Meth even claims to “hate commercial rap with a passion”, before finding himself thrust in to it in the years that followed. The fact that “Tical” was still part of the one-take generation, feeling like a darkened basement where smoky cypher sessions took place, lends this a true, almost old school feel that can only really be compared to “Enter the Wu-Tang (36 Chambers)”. This was before RZA was let loose in an expensive studio and crafted the magnificent, if overlong “Wu-Tang Forever”. It may not be as refined as subsequent albums in the Wu-Tang discography, but there’s little that is as pure fun. There’s certainly some Das EFX in Meth’s flow, and also in RZA’s dank, grimy beats.

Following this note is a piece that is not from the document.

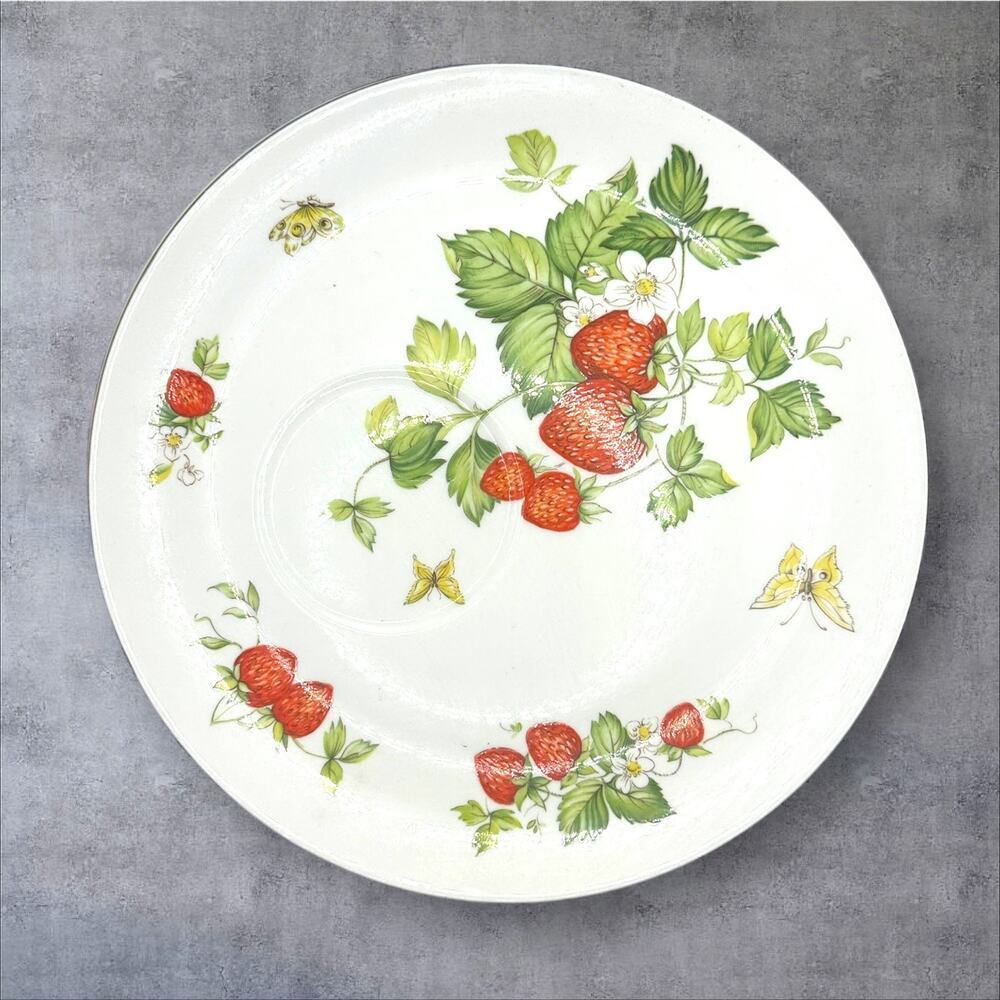 Queen's Fine Bone China Rosina China Co. 80s "Virginia Strawberry" RARE Saucer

“Tical” is an album that doesn’t dwell on its subject matter either; references are made on every song to Tical, Meth’s term of choice for marijuana, but never is it overbearing or the listener made to feel like a dork if they don’t dabble in the doobie. Something I didn’t realise until recently was the play on the word “methodical”. Method Tical?. Looking back, it’s not the best piece of wordplay, but Meth’s not trying to be clever here. There are other branches within the Wu-Tang family tree to cater for intricate metaphors and vivid storytelling- Meth is all about swaggering confidence and his playful, experimental flow. Remember flow? Other than Joey Bada$$’s new album, I couldn’t tell you who has the best flow from the current crop of heavy hitters because there aren’t many that still emphasize it. AZ, CL Smooth, Andre 3000, heck even Jay-Z was flowing wonderful in the 1990s.
Method Man never quite matched the winning combination of catchy, sing-a-long rhymes with RZA’s filthy, minimal production. It’s also the only time we received a Method Man album that FELT like a Wu-Tang Clan release, and that’s a damn shame. “Crystal Meth” has a lot to live up to, but also needs to bring some closure on Meth’s solo career before he’s disregarded entirely when fans think of best emcees.